Lol- I make no such claims, Pebbles. I think it got better when the guys started hanging out here
Ugh, today, I embrace the suck and go for the fail. Sushi and a frappiccino for lunch. Did you know that Starbucks now has a fourth size for their frozen drinks?! Because you need this stuff in larger amounts! Geeze. I'll stick with my Grande, thank you. One gazillion calories is enough, I don't need two or three gazillion.
I think I need to return to survival-mode for the moment. None of my clothes fit, which makes me feel exceedingly unattractive, I'm feeling weak and useless, and this is making me not care/actively eat crap food. Which, of course, reinforces the above because I swell up and my muscles are poisioned leading to more crap. I just put in for the second half of next week off. I hope I get it. I need time to bask in the sun, go for walks, and basically get my shit together mentally and emotionally so I can do the things I have to do to actually fix my life.

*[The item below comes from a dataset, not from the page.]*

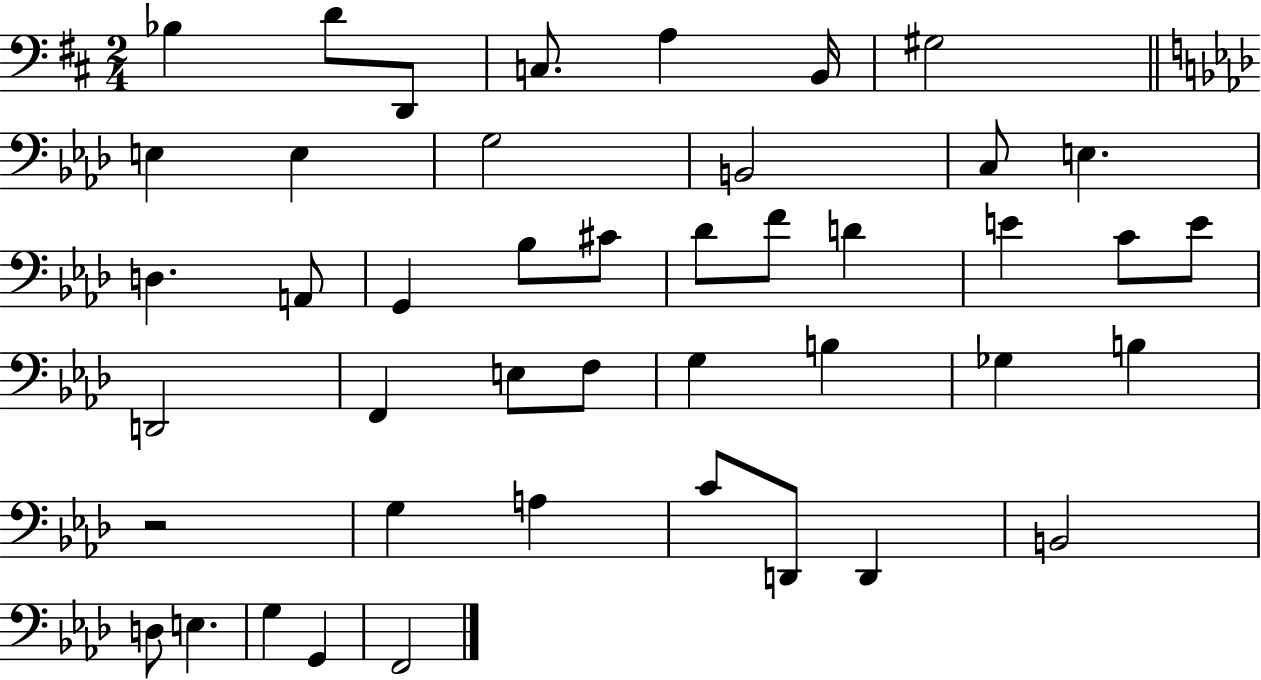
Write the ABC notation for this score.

I have some ideas of possible jobs- REI has good health insurance, and rock/landscaping material places would offer fresh air. For secondary jobs, I'm considering a garden center to work on my knowledge and my debt at the same time. I could then pick up grunt jobs around them for really spare cash and some exercise. Now I just have to come up with the emotional equilibrium to smile and be pleasent and not tell them that the bulk of humanity can go fuck itself, but I really am quite good at customer service!
I'm reading Eating Animals at the moment. I think his ultimate stance will be that because 99% of animal agriculture is factory farming, vegetarinaism is the safe way to go. Which, of course, ain't what I'm about to do. But it really does get me thinking. Particularly his definition of "stress." It's an industry euphamism to avoid the word "suffering." What I call stress in my job is in reality my animal nature suffering at being locked into my veal cage with my unnatural lighting and highly-regemented schedule. This, combined with what's been posted recently about the Gulf, makes me just want to run away and hide and raise goats and rabbits to feed myself and ignore the world. We have so fucked up our home, and there are so many that are ignorant of or avoiding that fact. And my desire to care for and heal at least a corner of it is foiled by the necessity to play the game so I can get my hands on some land in the first place. That's not right. Really not right.